De turbante colorido, rosto vincado pela noite mal dormida, dona Mércia da Silva transportava sacolas de insumos de uma banca montada provisoriamente durante o carnaval do Recife para garantir o alimento da família em época de desemprego. Em casa, tinha seis bocas para alimentar. Era início da tarde na Rua Mariz e Barros, Centro do Recife mais antigo. Do desfile do Grupo Especial das Escolas de Samba do Rio de Janeiro deste ano ela não ouviu falar, tampouco da Paraíso do Tuiuti. Da precarização do trabalho, tema dos mais comentados na Sapucaí há dois dias, ela entende.

“Tem de criticar mesmo porque a situação do brasileiro é cada dia mais difícil”. Lembrou a frase que ouvi tempos desses de dona Rosalena da Conceição, uma velha senhora quilombola da zona rural de Catolé do Rocha, Alto Sertão da Paraíba: “De liberdade não sei falar, não. Só de pobreza”, sentenciou para então dar uma explicação que nenhum livro didático tinha sido tão claro: “Porque a gente, minha filha, é cativo da pobreza”.

De alguma forma, elas e cada um de nós estávamos representados no desfile mais politizado e crítico de 2018 no Rio de Janeiro, a do Grêmio Recreativo e Escola de Samba Paraíso do Tuiuti, que ficou em segundo lugar na competição – perdendo para a Beija-Flor por um décimo, mas que conseguiu fazer ecoar um grito de inconformismo do brasileiro.

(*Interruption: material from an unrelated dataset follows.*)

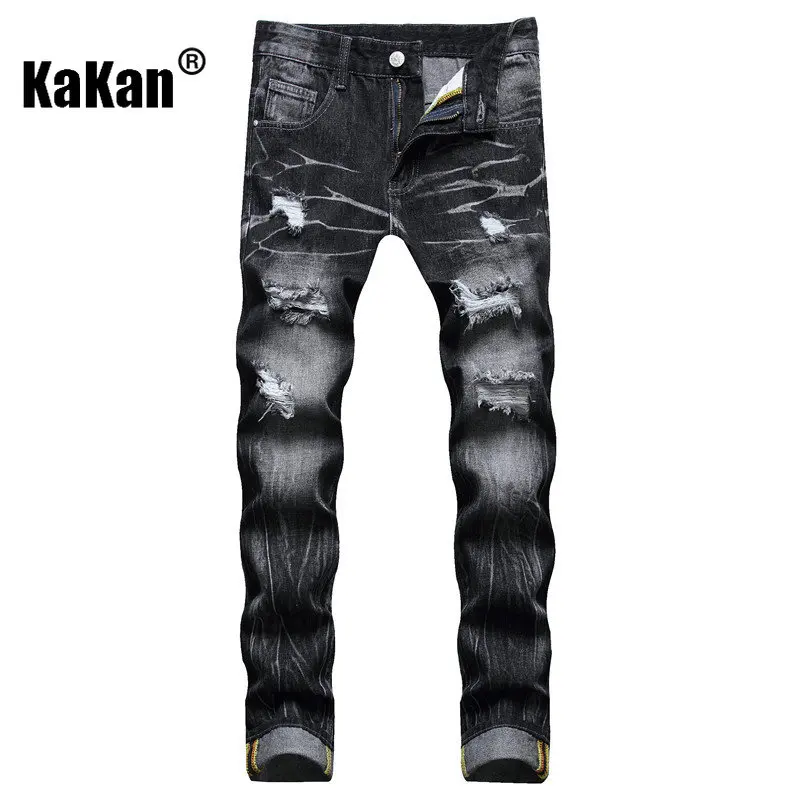 Kakan - New European and American Pierced Jeans for Men, Hot Selling Straight Black Long Jeans K44-9238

Com o enredo “Meu Deus, meus Deus, está extinta a escravidão?”, a escola de São Cristóvão questionou o fim do trabalho escravo no Brasil 130 anos após a assinatura da Lei Áurea e avivou para o cidadão a escravidão dos tempos modernos, acentuados pela Reforma Trabalhista e precarização promovida pela Consolidação das Leis do Trabalho (CLT). O presidente Michel Temer foi representado por um vampiro com uma faixa presidencial. O desfile ilustrou desde os navios negreiros do Século XVI até as desigualdades e o “cativeiro social” dos dias atuais. Repercutiu tanto que virou hit na internet e acabou no topo do trending topics do Twitter do Brasil e como o segundo do ranking mundial na mesma rede social logo após o desfile histórico.

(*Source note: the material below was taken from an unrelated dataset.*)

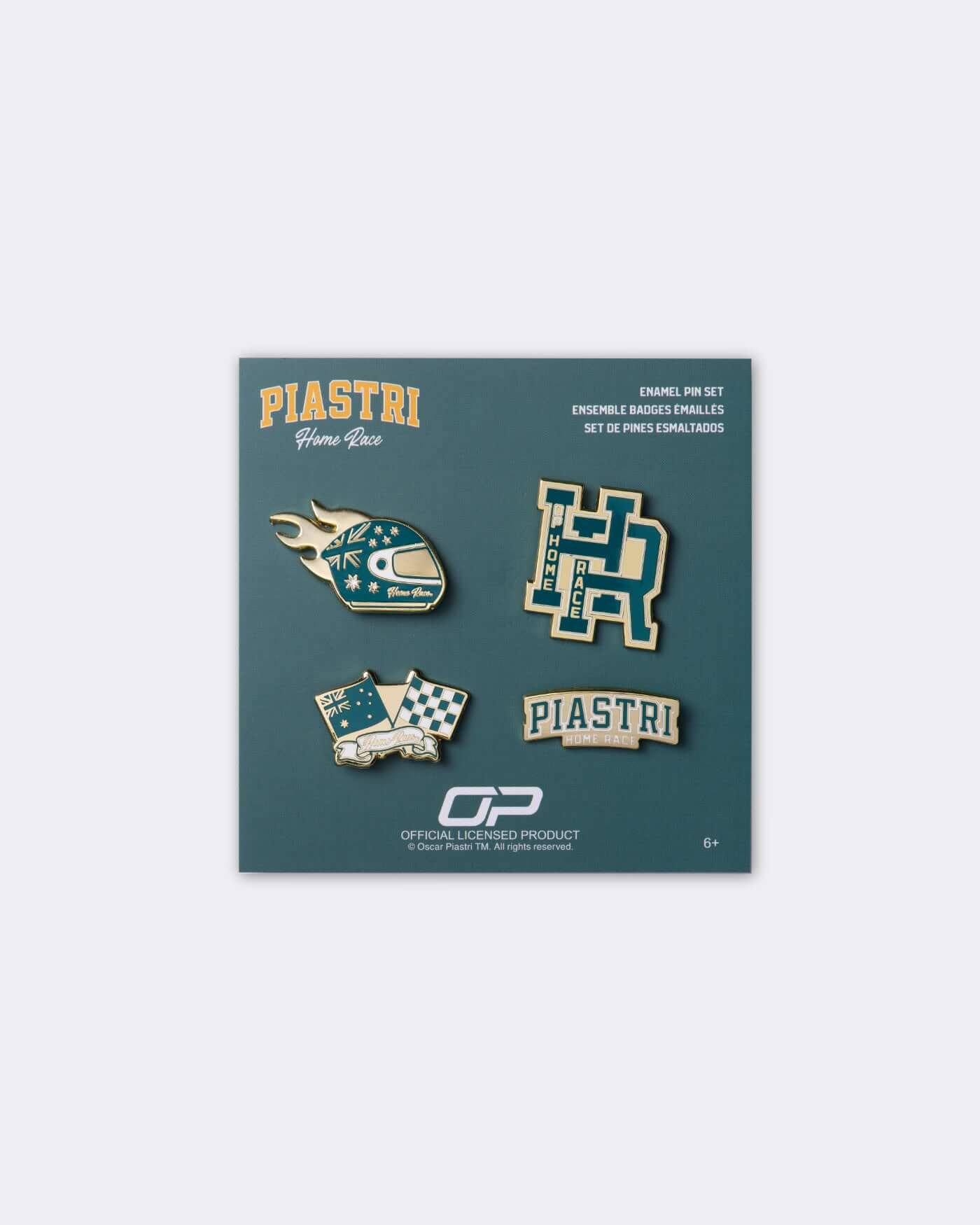 Home Race Pin Set featuring enamel designs, representing Oscar's home race with stylish flair.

Uma linha aproximou a ilusão, o temporário, da realidade de um país. A Paraíso do Tuiuti expressou um sentimento nacional. Foi “a nossa voz, dos trabalhadores, dos humildes, dos jovens e crianças que perderam a chance de estudar, dos desempregados, das famílias, de todos os brasileiros menos favorecidos!”, disse o admirador Fábio Nasso, na página oficial da escola no Facebook. “Campeã dos nossos corações. Lavou a alma de milhões de brasileiros. Parabéns pela vitória, pela garra e pela arte com que nos presentearam”, afirmou Sônia Camargo, outra webleitora. Certamente, o que se viu na Marquês de Sapucaí não ficará para trás como um carnaval qualquer. “Sou professor de História e esse samba vai virar questão de prova, material de sala de aula e em tudo que pudermos usaremos para problematizar. Ganhou minhas lágrimas e meu respeito”, garante Neto Almeida, com o apoio de outros profissionais da educação.

É como se, ao ovacionar ao vivo ou na internet o desfile de 2018 da Paraíso do Tuiuti, uma escola que somente no ano de 2017 chegou ao grupo de elite, os brasileiros clamassem juntos pela “luz do candeeiro” e pela libertação do “cativeiro social”, como dizem as frases do enredo que conquistou milhões. Sábado terá o desfile das campeães. A Tuiuti estará de volta à Marquês de Sapucaí com um coro ainda maior.